The geopolitics of gas and EU strategic autonomy

The geopolitics of gas and EU strategic autonomy
The geopolitics of gas and EU strategic autonomy

 

During this first week of the new year, as social unrest erupted in Kazakhstan, Russian giant Gazprom—50% directly or indirectly owned by the Russian government—announced a record dividend payment. The common denominator of both is the skyhigh price of natural gas. While the large oligopolies that control extraction and distribution of this fossil-fuel resource are making record profits, the rise in energy prices is wreaking havoc on the cost of living, and in some cases, such as in Kazakhstan, it is the spark that has set off a social explosion, which has been ruthlessly repressed.

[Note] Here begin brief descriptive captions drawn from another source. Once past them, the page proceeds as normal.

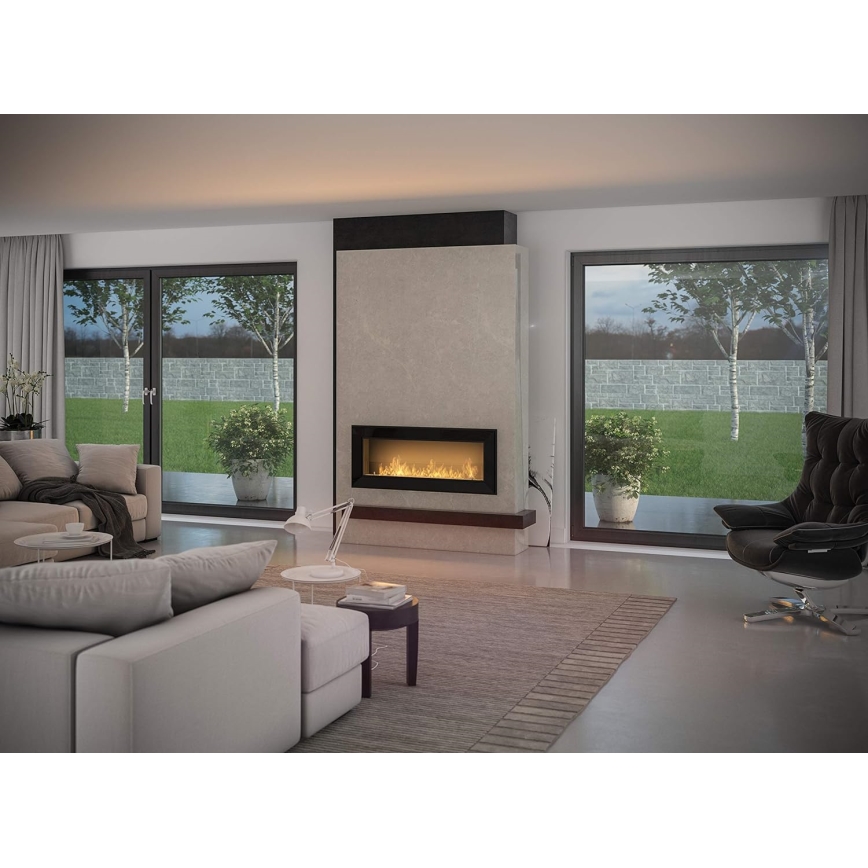 InFire - Inbyggd BIO eldstad 49x120 cm 3kW svart
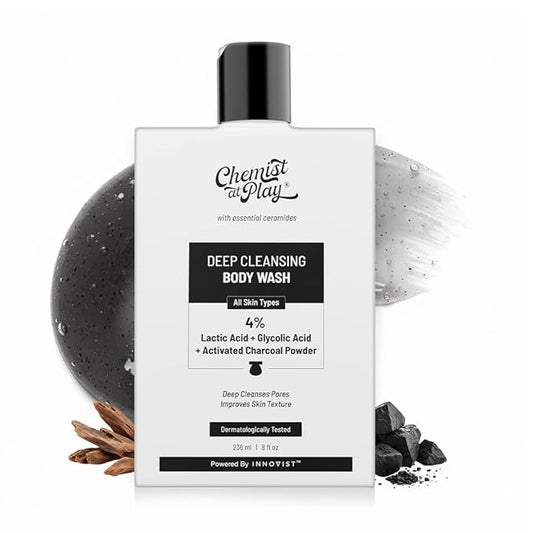 Chemist at Play Deep Cleansing Body Wash| Activated Charcoal Removes Dirt | Lactic Acid for Skin Texture| Glycolic Acid for Exfoliation| 7.9 Fl oz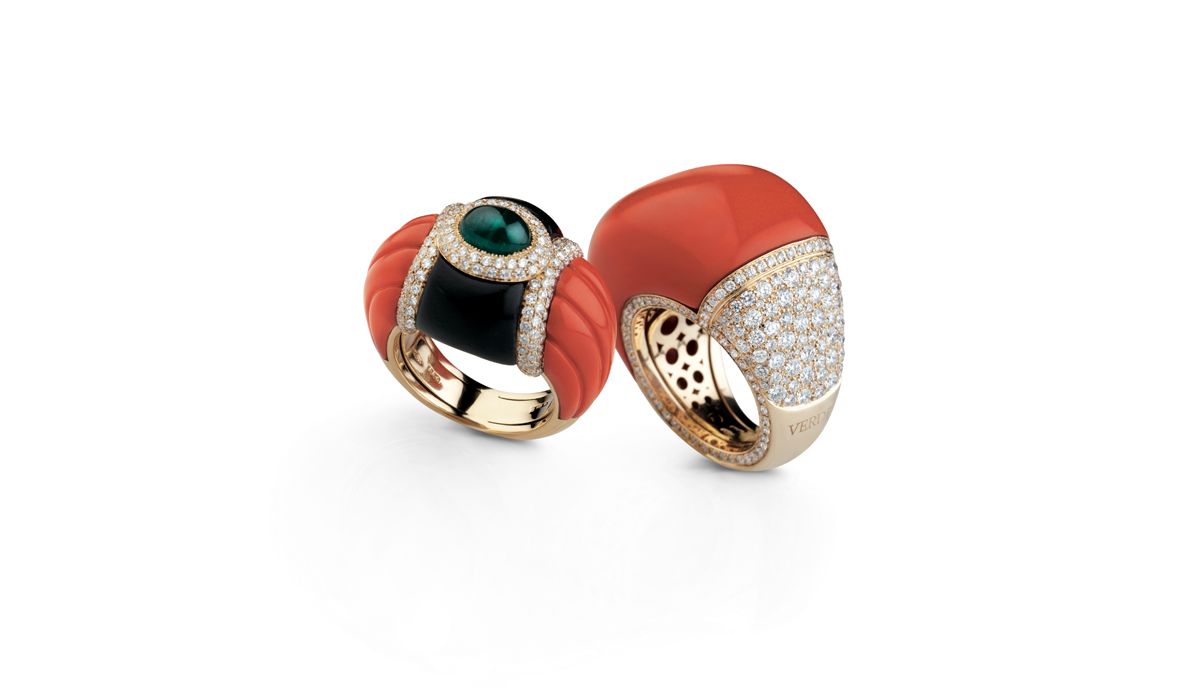 ROCK’N’ROLL collection Rings- rose gold rings with diamonds, red coral, onyx and emeralds
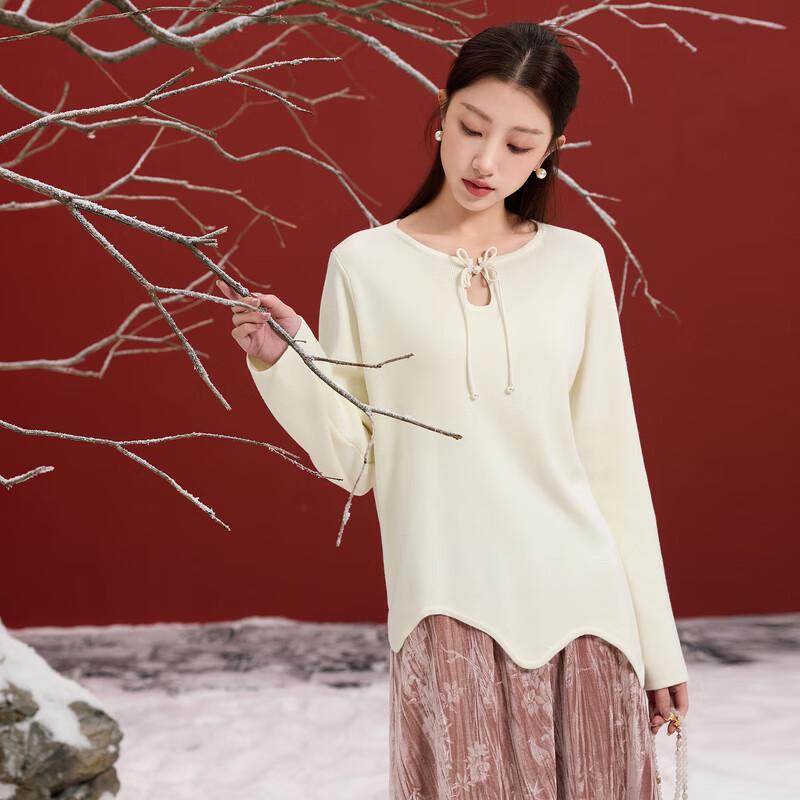 Sancai Plus Size Chinese Style Knit Sweater with Frog Buttons
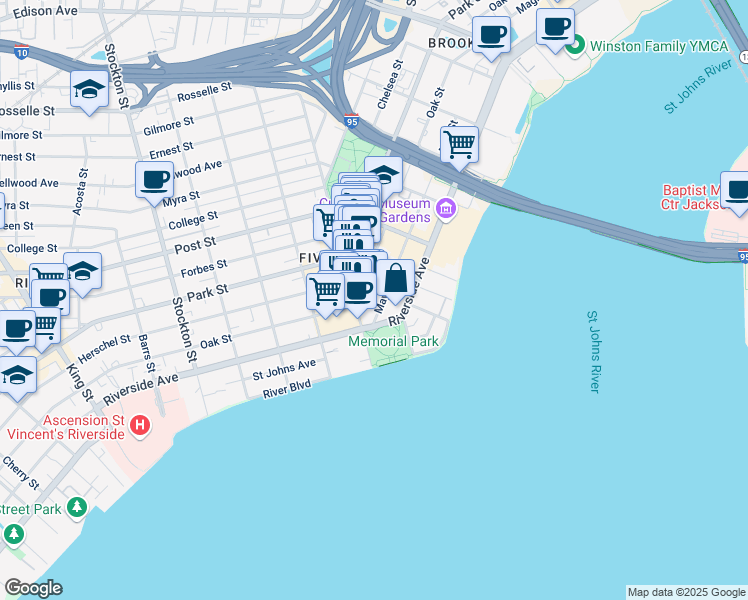 map of restaurants, bars, coffee shops, grocery stores, and more near 1661 Riverside Avenue in Jacksonville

Many factors come into play in shaping the price of energy, among which geopolitics is prominent. Much of the rocketing electricity prices in recent months is due to the mismatch between supply and demand of natural gas—which in the European energy market means that when renewables are not enough, it is gas that ends up marking the final price of electricity. It is in the supply chain that geopolitical factors come into play. Fossil-fuel rich countries have at their disposal two very powerful instruments to influence others’ strategic decisions. The first is to play with the stopcock, or threaten to shut it, to restrict gas exports. The second is the routing of the pipelines.

For example, the Nord Stream 2 gas pipeline which connects Russia directly with Germany via the Baltic Sea—completed but pending authorization to operate—will not only increase dependence of much of central Europe on Russian gas, but will also harm Ukraine both economically and politically, since much of that gas now flowing into the EU at present passes through it, while it feels Putin’s expansionist breath at its neck, in its own territory in the Donbas and in Crimea, and with the deployment of 100,000 Russian troops at its border. But as well as supply, demand is also a geopolitical weapon. The price of natural gas has also rocketed because China wants to top up its reserves to avoid the deficit it suffered last winter, when it was caught short with less than it needed.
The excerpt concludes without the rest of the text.